Returns training and validation metrics
Args:
history : TensorFlow History object.
Returns:
plots of training/validation loss and accuracy metrics
"""
loss = history.history["loss"]
val_loss = history.history["val_loss"]
accuracy = history.history["accuracy"]
val_accuracy = history.history["val_accuracy"]
epochs = range(len(history.history["loss"]))
# Plot loss
plt.plot(epochs, loss, label = "training_loss")
plt.plot(epochs, val_loss, label = "validation_loss")
plt.title("Loss")
plt.xlabel("Epochs")
plt.legend()
# Plot Accuracy
plt.figure()
plt.plot(epochs, accuracy, label ="training_accuracy")
plt.plot(epochs, val_accuracy, label = "validation_accuracy")
plt.title("Accuracy")
plt.xlabel("Accuracy")
plt.legend();
plot_loss_curves(resnet_history)
efficientnet_model = create_model(model_url=efficientnet_url,
num_classes=train_data_10_percent.num_classes)

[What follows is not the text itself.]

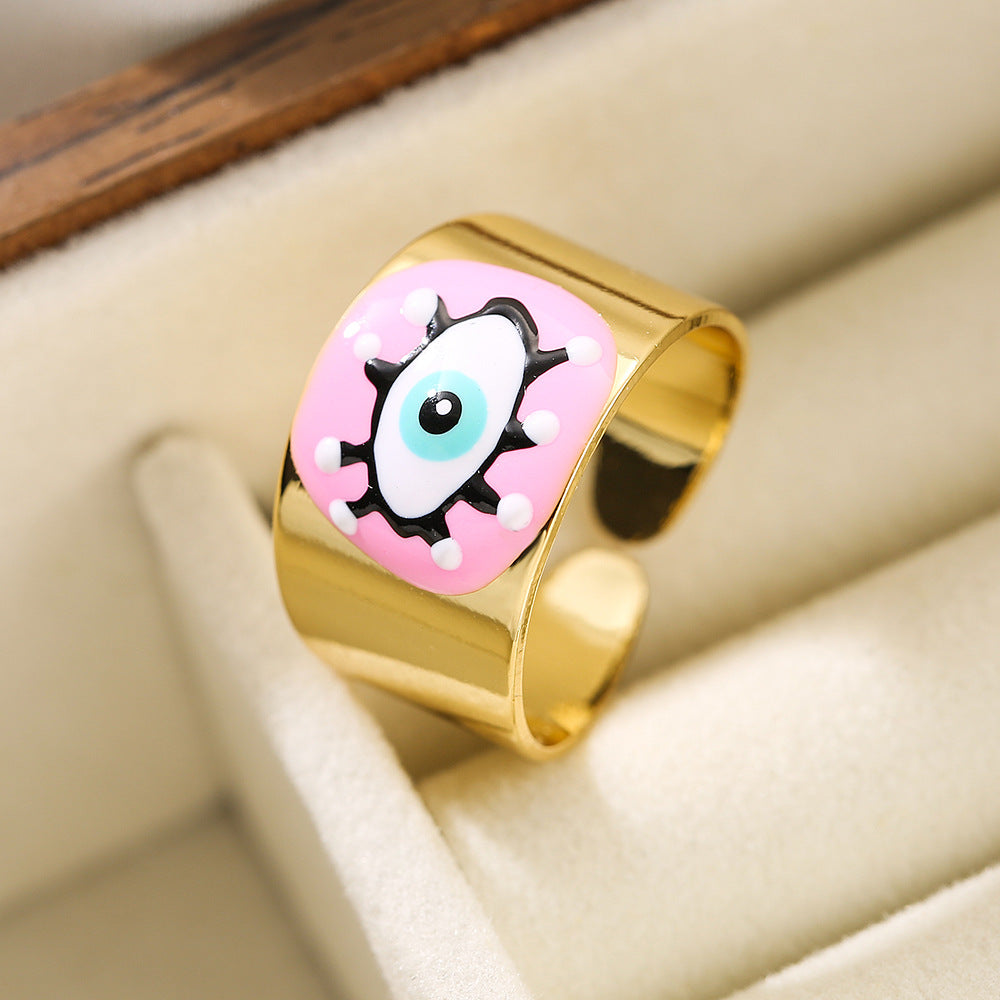 Anello Aperto Geometrico da Donna con Base in Rame Placcato Oro 18K e Smalto Design Occhio di Allah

# Compile the EfficientNet model
efficientnet_model.compile(loss = "categorical_crossentropy",
optimizer = tf.keras.optimizers.Adam(),
metrics = ["accuracy"])
# Fit EfficientNet model to 10% of training data
efficientnet_history = efficientnet_model.fit(train_data_10_percent,
epochs =5,
steps_per_epoch =len(train_data_10_percent),
validation_data = test_data,
validation_steps = len(test_data),
callbacks = [create_tensorboard_callback(dir_name ="tensorflow_hub",
experiment_name="efficientnetb0")])
We have done really well with EfficientNetb0 model. we have training accuracy ~91% and validation accuracy ~84%.
plot_loss_curves(efficientnet_history)
efficientnet_model.summary()
resnet_model.summary()
The EfficientNet architecture performs really good even though the number of parameters in the model are far less than ResNet model.

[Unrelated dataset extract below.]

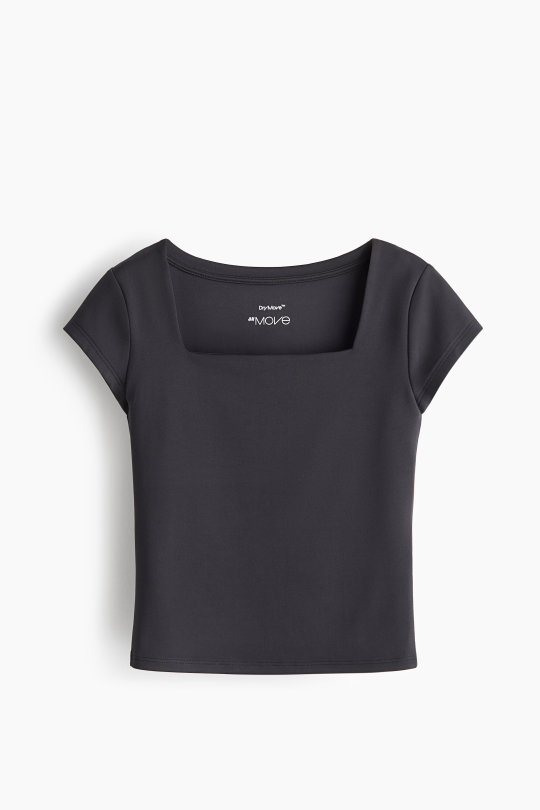 H&M Спортивный топ с квадратным вырезом DryMove™, черный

len(efficientnet_model.layers[0].weights)
our Neural network learns these weights/parameters for extracting and generalizing features for better prediction on new data
Different types of transfer learning
- "As is" transfer learning - using an existing model with no changes(eg. using ImageNet model on 1000 ImageNet classes, none of your own)
- "Feature extraction" transfer learning - use the pre-learned patterns of an existing model (eg. EffiientNetB0 trained on ImageNet) and adjust the output layer for your own problem(eg. 1000 classes -> 10 classes of food)
- "Fine tuning" transfer learning - use the prelearned patterns of an existing model and "fine-tune" many or all of the underlying layers(including new output layers)
The different kinds of transfer learning. An original model, a feature extraction model (only top 2-3 layers change) and a fine-tuning model (many or all of original model get changed).
Comparing our model's results using TensorBoard
What is TensorBoard?
- A way to visually explore your machine learning models performance and internals.
- Host, track and share your machine learning experiments on TensorBoard.dev
Note: When you upload things to TensorBoard.dev, your experiments are public. So, if you're running private experiments (things you don't want other to see) do not upload them to TensorBoard.dev
# Upload TensorBoard dev records
!tensorboard dev upload --logdir ./tensorflow_hub/ \
--name "EfficientNetB0 vs. ResNet50V2" \
--description "Comparing two different TF Hub Feature extraction model architectures using 10% of the training data" \
--one_shot
!tensorboard dev list
# !tensorboard dev delete --experiment_id [copy your id here]
Weights&Biases also integreates with TensorFlow so we can use that as visualization tool.